Cook is a tier behind Kittle, but he does draw the best matchup of any tight end. Kansas City ranks worst in schedule-adjusted fantasy points per game allowed to opposing tight ends (both over the last five weeks and the full season). When Cook faced them in Week 13, he posted a 7-100-1 line on eight targets. Cook has also been one of the more matchup-dependent players in the league. In six games against defenses ranking bottom-10 in schedule-adjusted fantasy points per game to opposing tight ends, he averages 17.0 fantasy points per game. In all other games, he averages just 9.5.

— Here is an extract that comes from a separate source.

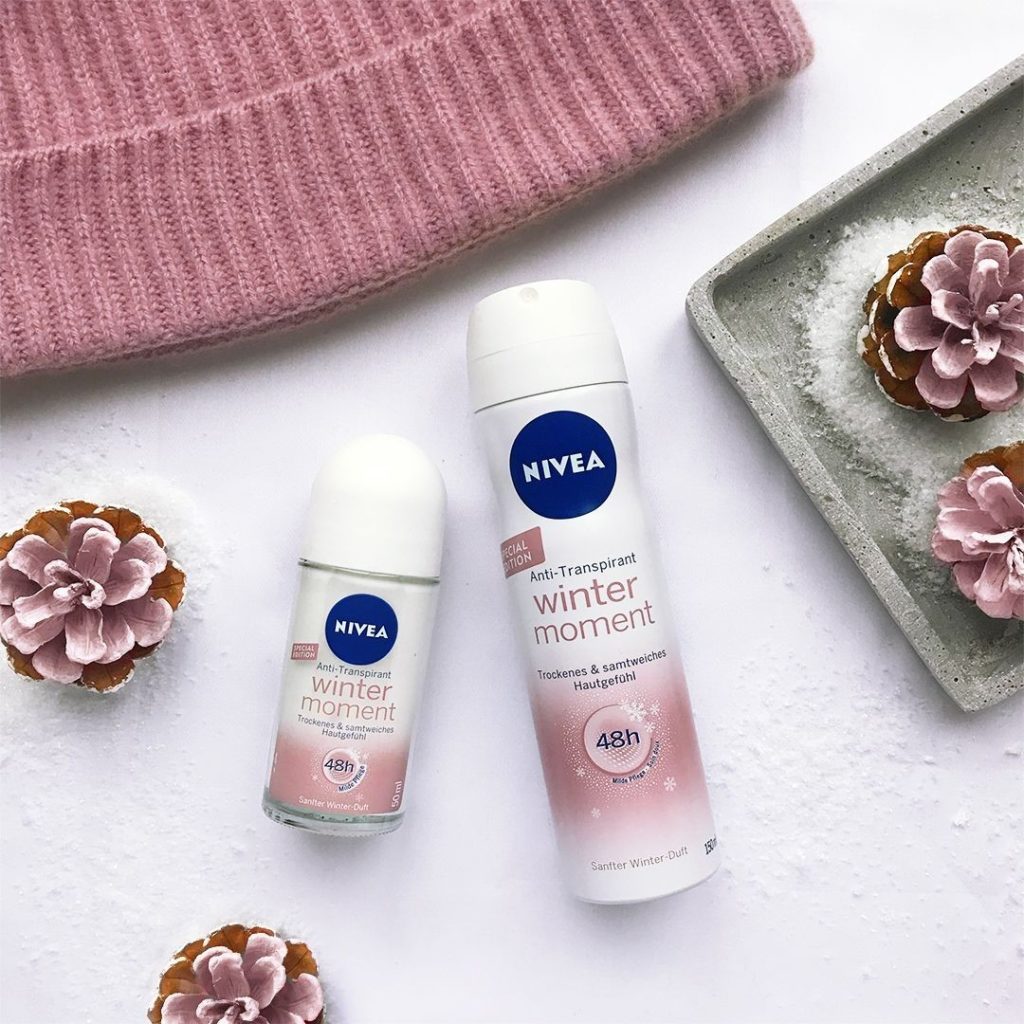 برندهای رول ضد تعریق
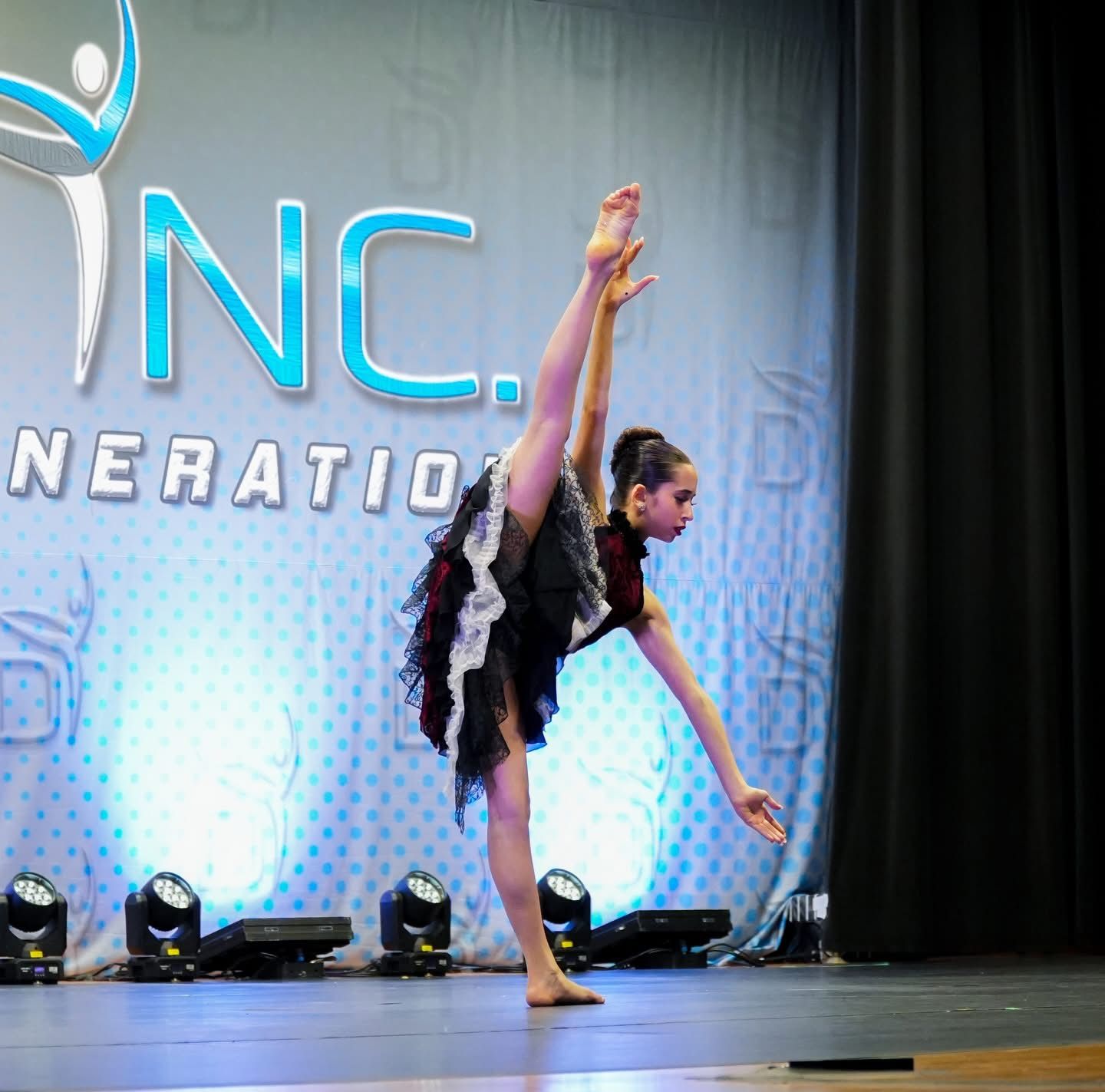 E-Street Dance Academy, Edgewood, MD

Chris Herndon (DK: TE16, FD: TE8)
Gerald Everett (DK: TE24, FD: TE23)

if looking to pay down at the position, look no further than our fourth- (Everett) and eighth- (Herndon) highest-graded tight ends. Last week, Los Angeles’ WR3 Josh Reynolds was bumped down to a 51% snap share (from 99% in Week 15) as the team opted to go with more 2TE sets rather than their typical (3WR) alignment. Everett joins Ertz, Kelce, and Kittle as the only tight ends to see at least six targets in each of the last three weeks. Herndon ranks eighth in targets (26) and ninth in fantasy points (48.7) since Week 12. Everett has a below average matchup, but Herndon’s is attractive. Robby Anderson will have his hands full against Stephon Gilmore (our top-graded cornerback) in shadow coverage and the Patriots rank seventh-worst in schedule-adjusted fantasy points per game to opposing tight ends.